Театральная критикаШедевр в оперном подпольеОбычному меломану попасть на премьерные спектакли не светило: билеты стоили от тысячи до пяти тысяч рублей, но лишь самые дорогие места на премьере пустовали. Театр "Новая опера" популярен -- а тут еще в двух премьерных спектаклях заглавную партию спел Дмитрий Хворостовский. Событие грозило оказаться в ряду светски-рекламных. Между тем оно стало музыкальным событием мирового уровня.Известия / Четверг 21 декабря 2000 В том, что Евгений Колобов -- один из крупнейших оперных дирижеров наших дней, не сомневались даже те, кто ставил ему в вину волюнтаристские редакции классических опер, даже те, кто начинал верить, что маэстро разлюбил музыку и мстит ей за что-то, разворачивая на ее месте доморощенные литературные концепции, приглашая наиболее антиоперных режиссеров и ревниво выгоняя лучших певцов. Возможно, Колобов еще не раз заставит своих поклонников досадливо почесать в затылке. Но сегодня -- их день.
В своем оперном подполье, защищенном от ветров мировой цивилизации, Колобов сотворил шедевр. Хозяин театра, он наконец обратил свою власть не в прихоть, а в подлинную силу.

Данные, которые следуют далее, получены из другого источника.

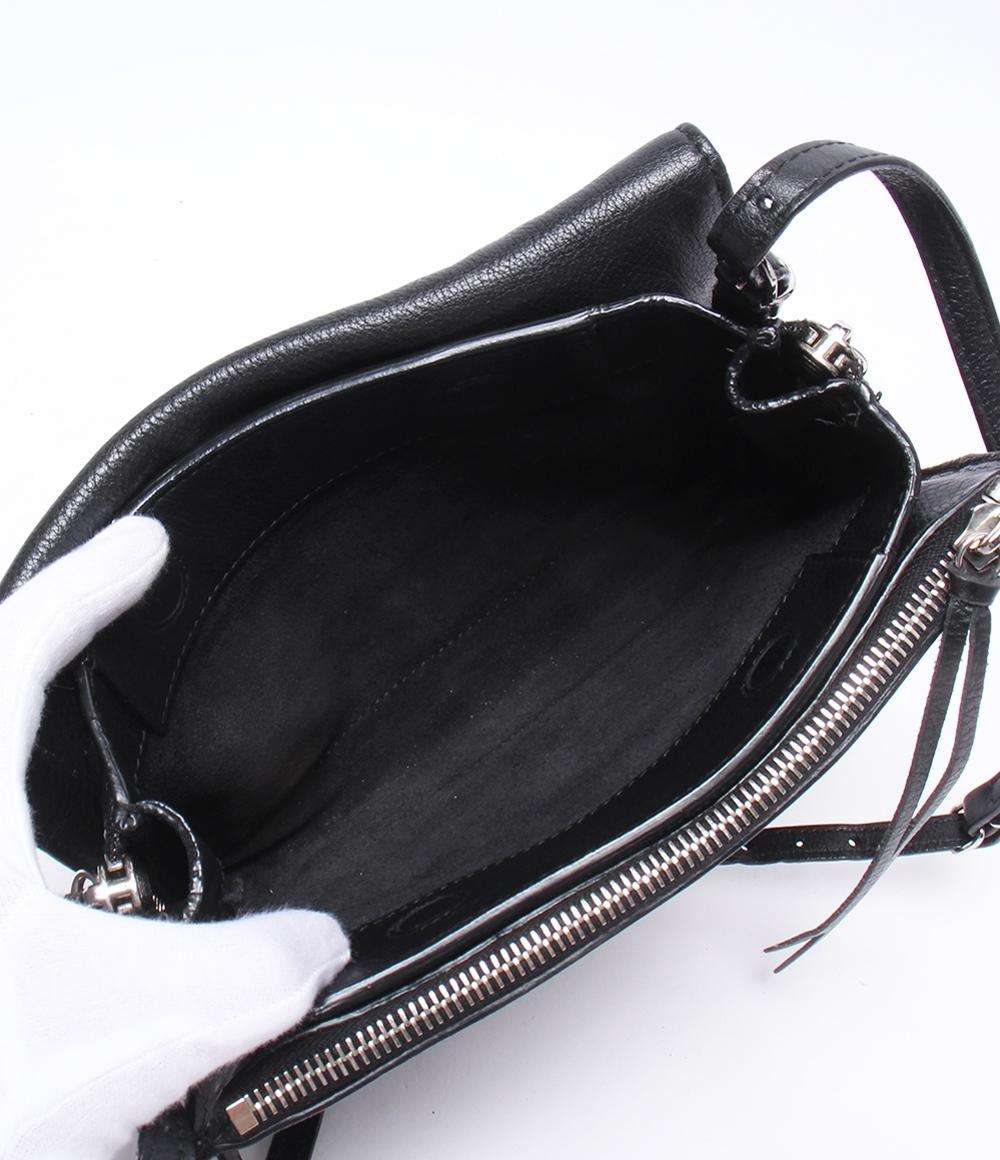 バレンシアガ ショルダーバッグ 斜め掛け メンズ BALENCIAGA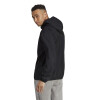 Campera Adidas Essential de Hombre - IA6362 Negro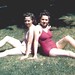 Helen Gardner Photo 4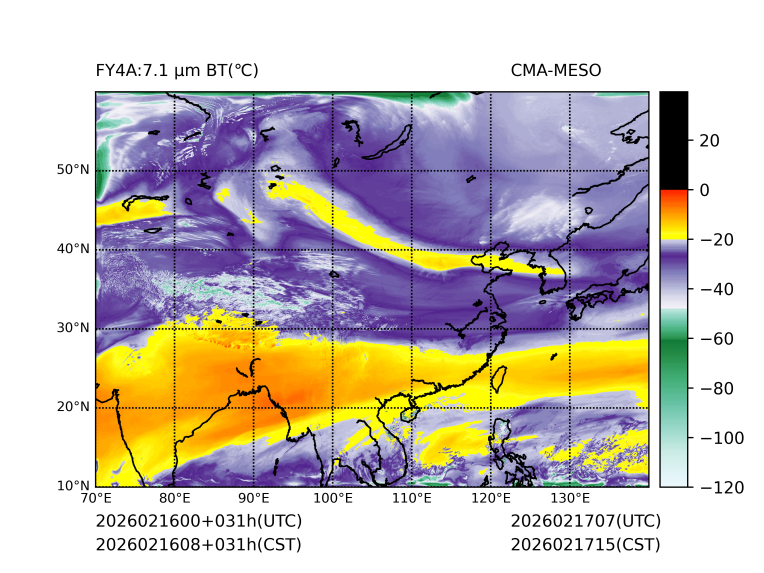 02/16 08时 +031小时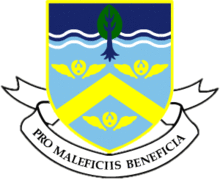 Dr Challoner's High School Logo.png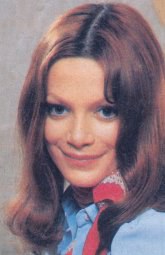 Françoise Dorner
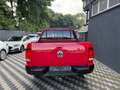Volkswagen Amarok Comfortline DoubleCab 4Motion 1Hand Rouge - thumbnail 6
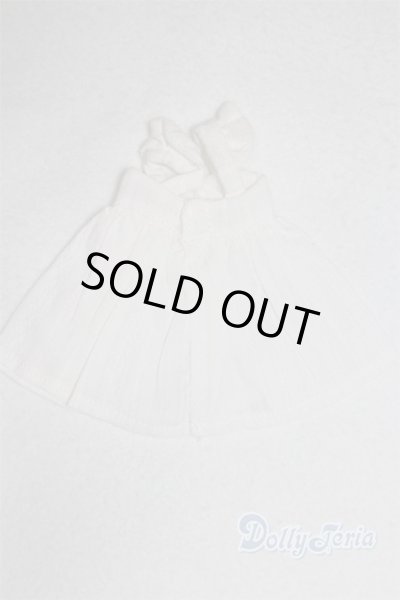 画像2: 幼SD/OF:ワンピース U-25-06-17-245-TN-ZU (2)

Мы услышали не искромсанный фарш, а настоящую оперу Верди -- от начала до конца без единой купюры -- и вспомнили, что такое вердиевский оперный театр -- со страстями, слезами, нежностью, коварством и человеческим чудом пения, которое одно лишь и способно вобрать в себя все существо драмы.
Не будь упоительной музыки, спектакль "Риголетто" не явился бы откровением. Правда, финский режиссер Ральф Лянгбака сделал грамотную мизансценическую разводку и детально выстроил роли. Но вот декорации Леннарта Мерка, отслужившие свое на фестивале в Савонлинне, как и цветастые маскарадные костюмы, смотрелись устаревшим провинциальным шиком.

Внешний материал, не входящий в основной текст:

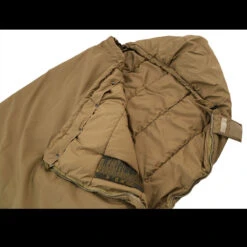 Carinthia Tropen 17 Carinthia Tropen -Outdoor Equipment Store cari 945det6 20212.1654528308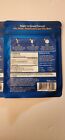 Wellamoon Sleep Support Patches 28 Patches Per Pk 2 Packs A Total Of 56 Patches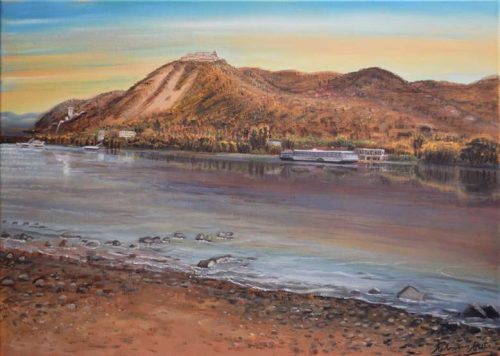 110-rehorovics-anita-apaly-50x70cm-olaj-vaszon-anita-rehorovics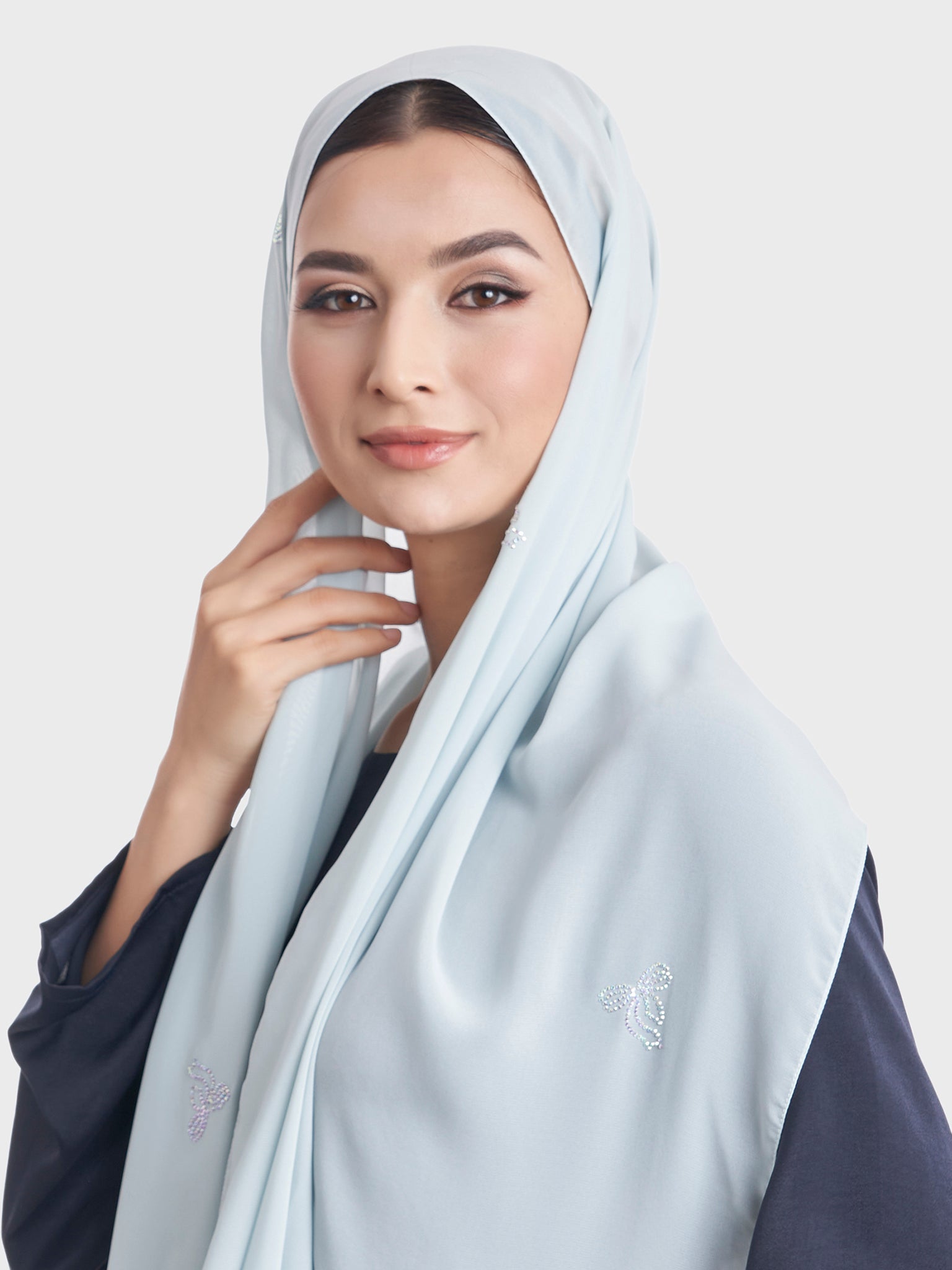 IceBlue 1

Появление в афише звездного имени Дмитрия Хворостовского еще ничего не гарантировало. Его имидж современного респектабельного джентльмена не вязался с историей мстительного горбуна, а голос, холеный, но не сильный, казалось, совсем не шел этой драматической партии. Однако интерес к роли возобладал: Хворостовский словно переродился, отдавшись театру с головы до ног, -- хромал что есть мочи, тискал в объятиях несчастную дочь, цепным псом бросался на гнусных придворных, падал ниц, пораженный проклятьем. И не пожертвовал профессионализмом: его вокализация была отменно чиста, краски выверены, форсировка незаметна; нашлись резервы и для яростных кульминаций.

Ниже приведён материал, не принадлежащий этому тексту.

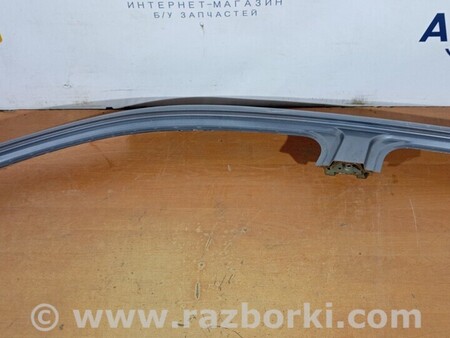 ФОТО Крыша для Mitsubishi Outlander III GF (12-22) Чернігів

Между тем Хворостовский не превратил выступление в бенефис, а оказался внимательным старшим партнером -- к лучшим местам спектакля стоит отнести его дуэты с Екатериной Сюриной, впервые вышедшей на большую сцену и чудесно спевшей любящую самоотверженную Джильду. Молодым певцам опасно предрекать будущее: надо надеяться, что к своему вокальному дару, чуткому слуху и сценическому обаянию нынешняя дебютантка прибавит несколько высоких нот и мелодизм итальянского произношения. Другие певцы достойно вписывались в ансамбли, где идеально слышался и каждый участник, и целое. Хор "Новой оперы", как всегда, был на высоте, а оркестр, ведомый Колобовым, звучал с таким театральным блеском, словно прилетел на машине времени из эпохи Тосканини.
Нельзя предсказать, сохранит ли Колобов свой пыл, а спектакль -- свой вокальный уровень, когда на смену Хворостовскому придет другой певец. Пока же ясно одно: великолепная работа, в которой сошлись черты мирового оперного истеблишмента, ползучей провинции и убежденного андерграунда, не оказалась достоянием широкой публики.